A growing number of data center operators which I have been speaking with seem to have awoken to an alternative data center cooling approach based upon Pressure rather than Temperature. I guess it makes sense that Pressure would not necessarily be the first idea that pops out in someone’s head if everything else they know about cooling is based upon Temperature. But there really is a second approach to cooling and BOTH strategies are exciting, when done well….
The cooling concept is simple. Cooling is about optimizing heat transfer and essentially tries to match heat removal (using air or water) with heat generation (cpu and memory chips primarily). In a data center, each piece of equipment generates a known quantity of heat (actually a range) and each data center has a specific number of these sources. Simple math to figure out how much heat needs to be removed.

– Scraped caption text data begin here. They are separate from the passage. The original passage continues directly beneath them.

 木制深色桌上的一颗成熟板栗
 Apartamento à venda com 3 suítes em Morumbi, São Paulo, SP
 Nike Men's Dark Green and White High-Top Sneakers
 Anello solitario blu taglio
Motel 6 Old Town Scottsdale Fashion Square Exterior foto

The trick is deploying a technology that most effectively (re)moves the heat. No more, no less. One strategy is to provide cool air at all of the INLETS (at a known temperature value, typically 68 to 74-degrees). Getting this cool air everywhere it is needed is a challenge and over-cooling is very common. The main metric: As long as ALL of the air aisles are constantly measured to be in that range, everything appears to be working well. Deploy a few temperature sensors and many data centers get their systems up and running. Is this optimal? Not really. Like eating lobster with a hammer, it gets the job done, but not very elegantly. Adding more sensors helps ALOT and when coupled with active management discipline/processes, the temperature values can identify cooling inefficiencies. Remember, too much cooling costs alot of REAL money. Temperature is a really good approach to cooling management when there are enough sensor points. (And many IT devices even have built-in sensors on the inlets to help with this goal).

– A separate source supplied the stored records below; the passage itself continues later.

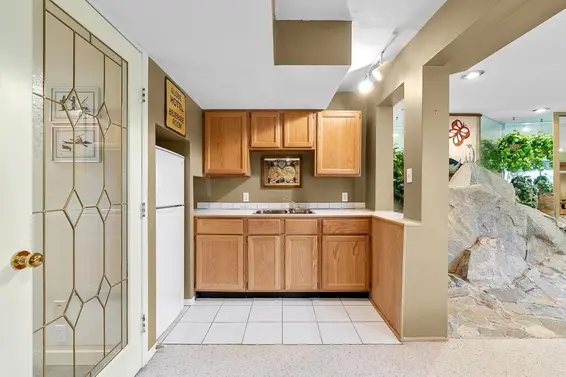 4724 Woodburn Court, West Vancouver For Sale - image 23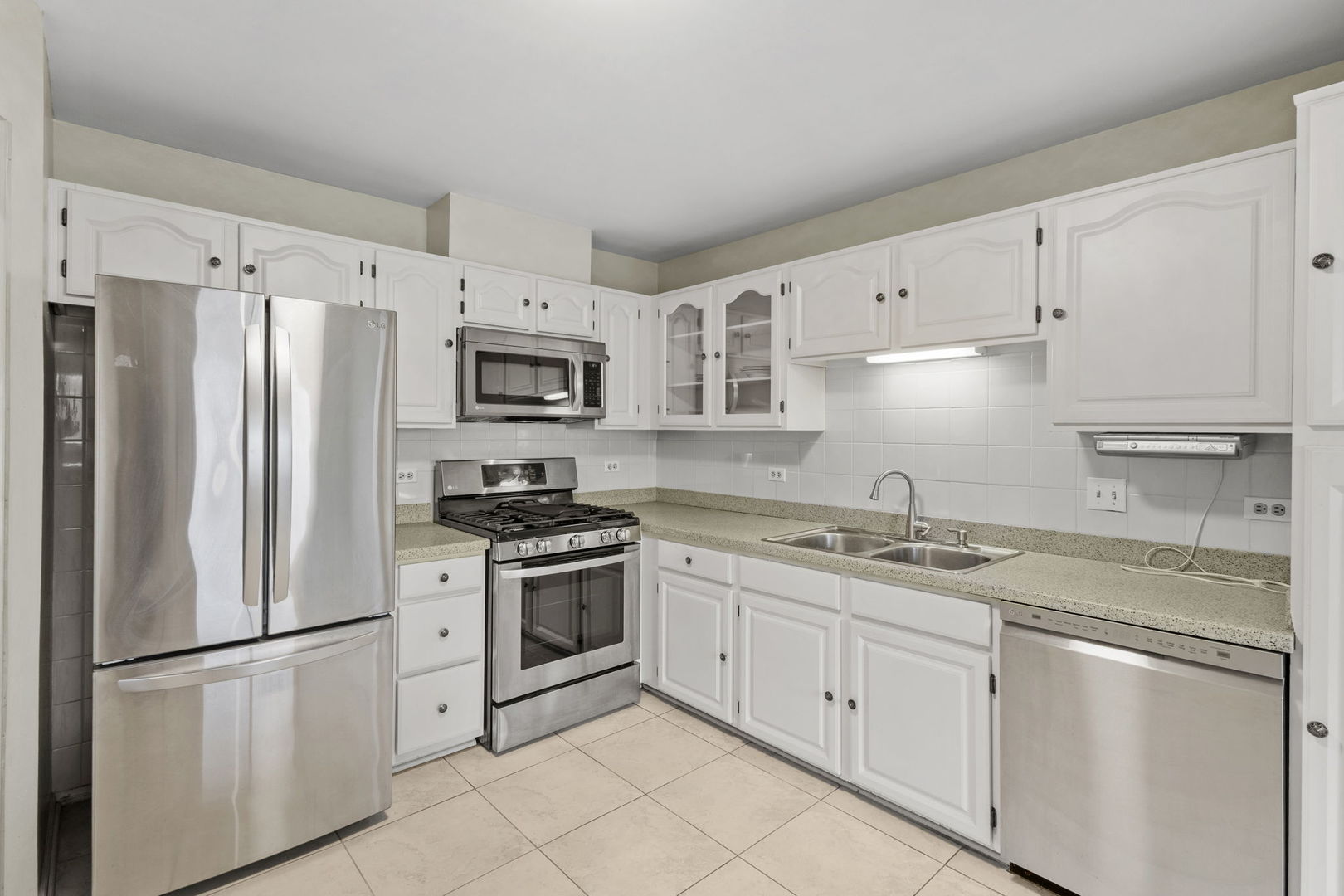 1406 Aldgate Court Unit: D2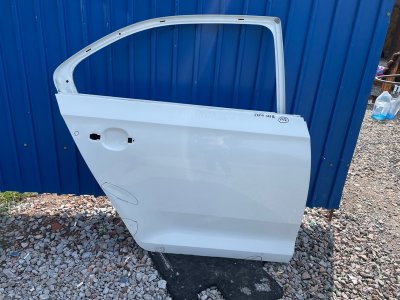 Дверь SKODA Rapid 2018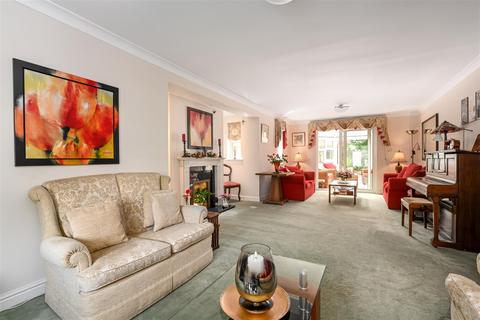 4 The Wilderness, East Molesey, KT8 0JT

A second approach is to manage by Pressure. Simply calculate how much air flows through each piece of IT gear based on manufacturer’s spec, add it all up, and then inject that amount of cool air into the front or ‘cold’ aisles. Heat will be transferred. If done properly, the two figures match perfectly. Too much air and the pressure rises and cooling resources are wasted. Too little and temperatures rise IT gear is at risk. Pressure management is about balance. (Think of this like a household bucket filled with water, a garden hose adding more water and a bunch of holes in the bucket leaking water out. As the flow from the hose is raised, there will be a point where the leaking water EQUALS the new water and the system will be working perfectly. The pressure of the water remains constant). This equilibrium value is the ideal Pressure goal used as a ‘normal’ for each part of the data center.
The best news: Most modern sensor vendors now offer BOTH types of devices, Temperature and Pressure, in easy to deploy systems. These systems WILL allow either approach to be used to optimize cooling in the data center. While it is clear that there are at least two camps of thought here, the technologies required to support both are now mature and commonly available. The only downside of sensors for the data center, is NOT deploying them! Sensors are STRATEGIC when deployed in enough quantity and along with a fully formed operational ‘plan’ on what to do with the information provided. Choose pressure or temperature, but choose something!